Computer simulations of the overall system will be showed in Chapter 4 and the proposed algorithms can work as expected.
The receiver functional blocks that are introduced in this chapter are basic blocks.
In order to adapt to different modes, some receiver functional blocks require to be modified. All the modification and more detailed experimental results will be given in Chapter 4.
Chapter 4
SC-OFDM-OFDMA SDR Architecture
Wireless communication standards are evolving rapidly. WiMAX now is an emerging suite of air interface standards for combined fixed, portable and mobile broadband wireless access. To meet the requirements of different standards, SDR technologies enable dynamic reconfiguration on the same platform and minimize the hardware variants. In this chapter, we propose a SC-OFDM-OFDMA SDR system to support the various air-interface standards specified by IEEE 802.16-2005 in a single SDR system. In this way, the system possesses as many common components as possible for these three modes, and the transmitter and receiver can be switched among the three modes via SDR operation. The rest of this chapter is organized as follows.

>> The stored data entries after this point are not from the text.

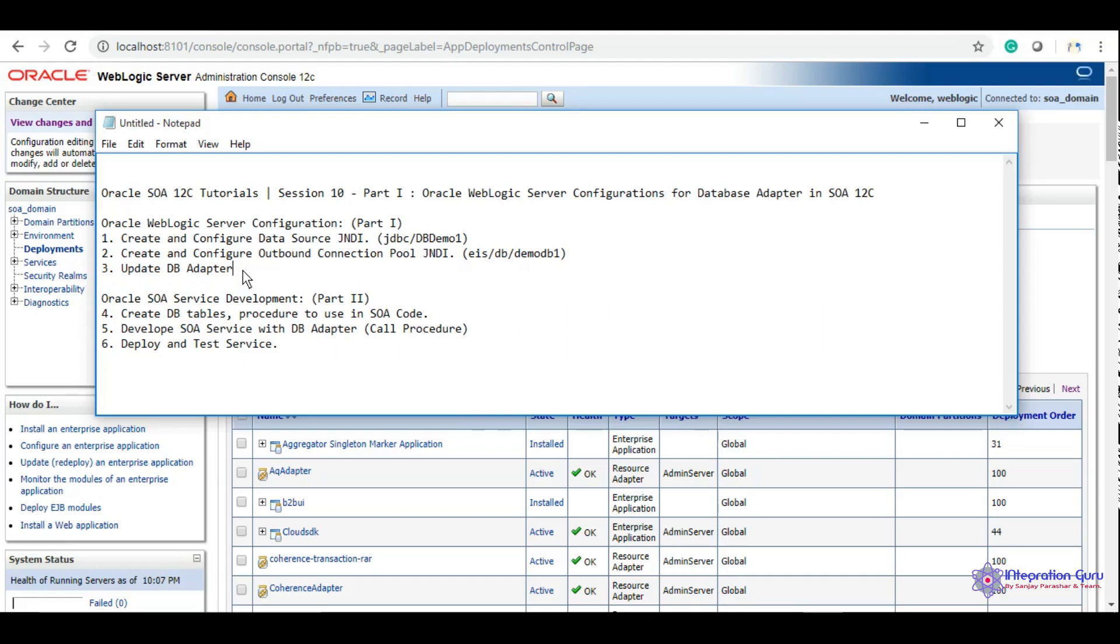The configuration part is done. The actual work will happen when we use all these configurations in our SOA project. This is it for this session. In the next session, we will proceed from here and use these details in our SOA project. Thank you for watching, take care, bye bye.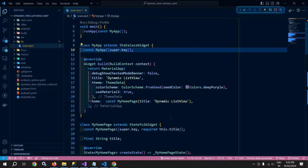Welcome back everyone. In this video, I will discuss how to add dynamic items to a list view in Flutter using Cubit.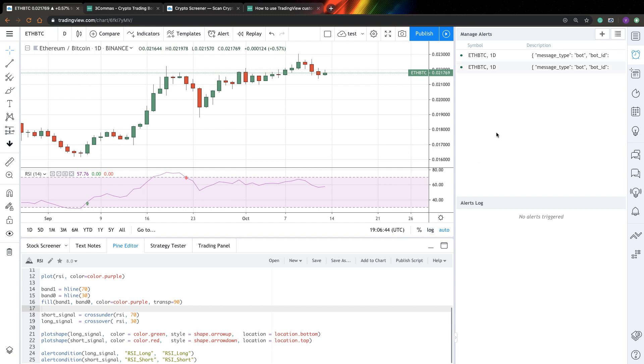And well, that's it. We created a bot from this indicator. And every time you will have an alert, this alert will be immediately sent to 3Commas and 3Commas will initiate an order based on your signal. So I think that's all for this video. Thank you for watching. See you.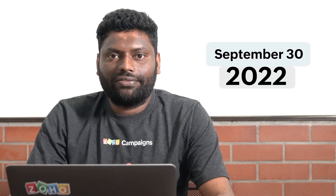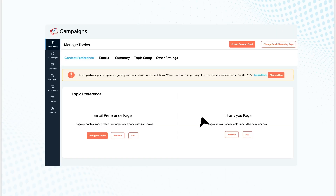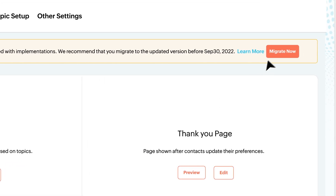The last day to upgrade to new topic management is September 30, 2022. To navigate to new topic management, kindly access Contacts > Manage Topics and click on Migrate.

Concept of SDR will be described in Section 4.1. The transmitter architecture of the proposed SC-OFDM-OFDMA SDR system will be introduced in Section 4.2. The receiver architecture of the proposed SC-OFDM-OFDMA SDR system will be introduced in Section 4.3. Finally, computer simulations for different modes and different transmit techniques are shown in Section 4.4.
4.1 Concept of Software Defined Radio
A lot of standards of communication systems have been proposed due to an exponential growing of demands for communications since early 1980. Commercial wireless communication industry is currently facing problems due to constant evolution of link-layer protocol standards (2.5G, 3G, WiMAX, and 4G), existence of incompatible wireless network technologies in different countries inhibiting deployment of global roaming facilities and problems in rolling-out new services/features due to wide-spread presence of legacy subscriber handsets. Therefore this prompts the development of the SDR concept as a potential practical solution. There are several differing definitions of SDR technology. Most commonly it defines a software implementation of the user terminal that is able to dynamically adapt to the radio environment in which it is located time by time.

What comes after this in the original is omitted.